EXERCISE DIRECTIONS: Please transcribe the line with "24時間受付中！その後のやり" and the lines after it through the end of the listing below, keeping both ends and nothing more.

RECORD EXCERPTS Start Marker

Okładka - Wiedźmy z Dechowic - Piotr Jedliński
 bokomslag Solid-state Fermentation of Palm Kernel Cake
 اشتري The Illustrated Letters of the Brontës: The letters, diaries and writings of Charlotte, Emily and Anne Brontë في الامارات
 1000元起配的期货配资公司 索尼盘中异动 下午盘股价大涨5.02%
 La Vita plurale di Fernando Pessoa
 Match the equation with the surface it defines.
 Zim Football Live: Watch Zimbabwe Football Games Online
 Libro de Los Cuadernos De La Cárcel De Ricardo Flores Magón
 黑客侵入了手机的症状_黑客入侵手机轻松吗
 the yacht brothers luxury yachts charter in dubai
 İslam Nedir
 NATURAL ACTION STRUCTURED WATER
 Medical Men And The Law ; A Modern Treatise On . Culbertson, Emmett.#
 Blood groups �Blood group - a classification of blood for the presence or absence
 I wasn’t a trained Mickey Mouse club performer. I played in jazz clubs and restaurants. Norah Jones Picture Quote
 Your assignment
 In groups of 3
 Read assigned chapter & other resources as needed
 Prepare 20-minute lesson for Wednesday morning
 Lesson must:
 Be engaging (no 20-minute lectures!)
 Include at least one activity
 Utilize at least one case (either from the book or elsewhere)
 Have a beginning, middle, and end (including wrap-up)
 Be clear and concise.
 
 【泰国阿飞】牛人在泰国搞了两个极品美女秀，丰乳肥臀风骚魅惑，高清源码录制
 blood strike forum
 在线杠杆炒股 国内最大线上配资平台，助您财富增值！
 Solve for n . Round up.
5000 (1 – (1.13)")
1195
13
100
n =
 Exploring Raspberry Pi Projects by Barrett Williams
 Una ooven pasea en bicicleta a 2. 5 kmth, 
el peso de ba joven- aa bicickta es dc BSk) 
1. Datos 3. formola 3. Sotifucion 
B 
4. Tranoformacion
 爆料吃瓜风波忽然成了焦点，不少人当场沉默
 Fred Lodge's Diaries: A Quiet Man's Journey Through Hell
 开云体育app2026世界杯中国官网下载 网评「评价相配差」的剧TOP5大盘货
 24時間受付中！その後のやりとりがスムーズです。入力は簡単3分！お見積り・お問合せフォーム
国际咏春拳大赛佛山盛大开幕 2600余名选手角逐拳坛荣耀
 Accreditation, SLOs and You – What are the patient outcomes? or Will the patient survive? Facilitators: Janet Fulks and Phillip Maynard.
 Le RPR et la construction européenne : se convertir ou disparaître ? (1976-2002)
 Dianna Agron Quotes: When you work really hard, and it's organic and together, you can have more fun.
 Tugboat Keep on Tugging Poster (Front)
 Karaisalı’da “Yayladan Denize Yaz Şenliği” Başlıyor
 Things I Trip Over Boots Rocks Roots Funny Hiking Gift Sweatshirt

RECORD EXCERPTS End Marker

RESPONSE AREA:
 24時間受付中！その後のやりとりがスムーズです。入力は簡単3分！お見積り・お問合せフォーム
国际咏春拳大赛佛山盛大开幕 2600余名选手角逐拳坛荣耀
 Accreditation, SLOs and You – What are the patient outcomes? or Will the patient survive? Facilitators: Janet Fulks and Phillip Maynard.
 Le RPR et la construction européenne : se convertir ou disparaître ? (1976-2002)
 Dianna Agron Quotes: When you work really hard, and it's organic and together, you can have more fun.
 Tugboat Keep on Tugging Poster (Front)
 Karaisalı’da “Yayladan Denize Yaz Şenliği” Başlıyor
 Things I Trip Over Boots Rocks Roots Funny Hiking Gift Sweatshirt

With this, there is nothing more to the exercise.